Do Plasma Nitric Oxide Levels Have an Impact on Unprovoked Migraine Attacks?

Abstract

Objective: Provocation studies on the role of nitric oxide (NO) in the pathophysiology of migraine have long been conducted and provide important information. Although there are many provocation studies in the literature, there are fewer publications on the role of NO in spontaneous migraine attacks. In this study, we aimed to compare the serum NO levels during unprovoked attacks in patients with migraine using the values in the interictal period and the results of the control group.

Materials and Methods: Thirty migraine patients were evaluated for plasma NO levels during the natural course of unprovoked attacks and in the interictal period. They were also compared with the results of 25 healthy controls.

Results: The mean plasma NO levels were 20.99 ± 4.93 μmol/l during migraine attacks, 25.97 ± 9.83 μmol/l between attacks and 23.22 ± 7.57 μmol/l in the control group. According to these results, the mean plasma NO levels were significantly lower in migraineurs during attacks compared to the non-attack period (P = 0.025), but there was no significant difference with controls (P = 0.212 and P = 0.247, respectively).

Conclusion: To evaluate whether NO has an effect on the natural history of migraine attacks, more spontaneous attack studies involving methods other than measuring serum levels are needed.

Introduction

Migraine is one of the most common primary headache syndromes in the general population. It is a public health problem that causes a serious loss productive time due to headache among young adults (1).

Despite intensive research in recent years, the pathophysiology of migraine remains unclear. It has been posited that vascular and/or neurogenic factors play a role in its formation. During a migraine attack, cortical depression, neurogenic inflammation, and changes in vascular reactivity occur (1). It is believed that the trigeminovascular system plays an important role in the initiation and continuation of the attack process (2).

Nitric oxide (NO) is an important intercellular messenger that plays a role in many physiological functions in the body and the pathophysiology of various diseases (3). Experimental studies suggest that NO causes vasodilation in cerebral and extracerebral circulation in the pathophysiology of migraine, that it is an important molecule in pain pathways, and is produced and released during cortical spreading depression (4). It is thought that increased NO levels during migraine attacks increase blood flow with a vasodilator effect and play a role in causing headaches. In addition, it has been suggested that NO may increase the release of calcitonin gene-related peptide (CGRP) in the trigeminal nerve terminals and trigger migraine attacks. It may also contribute to the aggravation of pain by increasing the sensitivity of the trigeminal nerve and facilitating the transmission of pain signals (4).

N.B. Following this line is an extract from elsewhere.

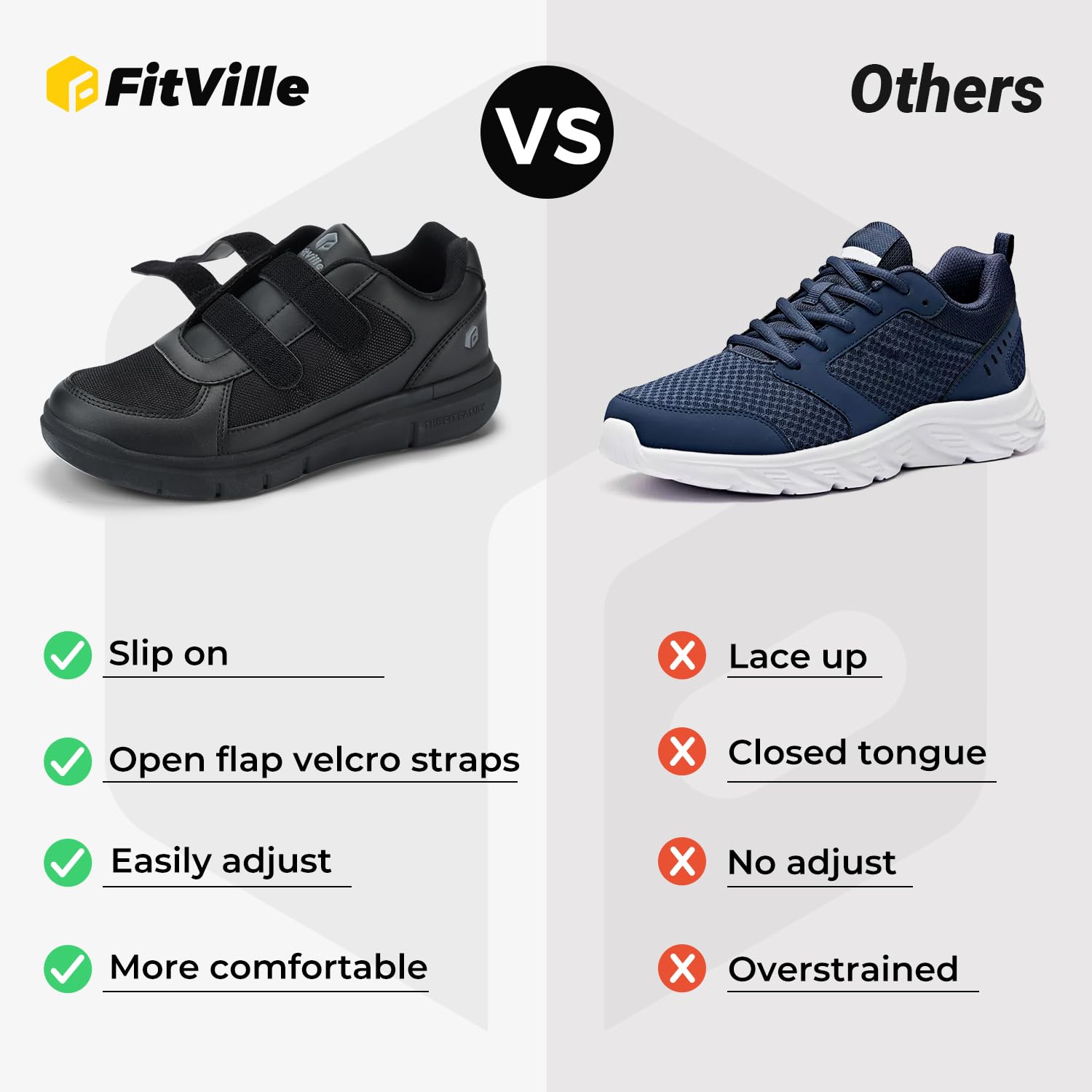 FitVille Diabetic Shoes for Men - Extra Wide Width Orthopedic Walking Shoes for Neuropathy & Swollen Feet - Pain Relief Comfort Shoes with Adjustable Closure - Ideal for Daily Wear, Walking & Standing Long Hours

Cyclic guanosine monophosphate (cGMP)-dependent pathways are thought to play a role in the pathophysiology of migraine. It is known that NO molecules also increase the cGMP levels in the smooth muscle cells of intracranial arteries (5). With the activation of these pathways, perivascular trigeminal afferents are activated (5). In migraine provocation studies, individuals were given glyceryl trinitrate, an NO donor, and it was shown that the patients with migraine developed more severe headaches than the healthy controls (5,6). Accordingly, provocation studies indicate that the role of NO is important in the development of migraines (7).

Although there are many provocation studies in the literature, there are fewer studies on the role of NO in spontaneous migraine attacks (8,9). In this study, the serum NO levels during unprovoked attacks in patients with migraine were compared with those in the interictal period and those in the control group. In addition, whether the serum NO levels exhibited a difference that could be associated with the frequency of headache attacks in the past 3 months was investigated, as well as the severity of the headaches, the provoking factors, and the accompanying clinical findings.

Material and Methods

Thirty patients between the ages of 18 and 50 who were admitted to the Neurology outpatient clinics of the SANKO University Sani Konukoglu Application and Research Hospital and the Dr. Ersin Arslan Training and Research Hospital, who had been diagnosed as having migraine according to the International Classification of Headache Disorders-III (10) were included in this study. Patients who experienced chronic migraine and medication overuse headaches were not included in the patient group. Twentyfive age- and sex-matched patients without primary headaches were included in the study as the control group.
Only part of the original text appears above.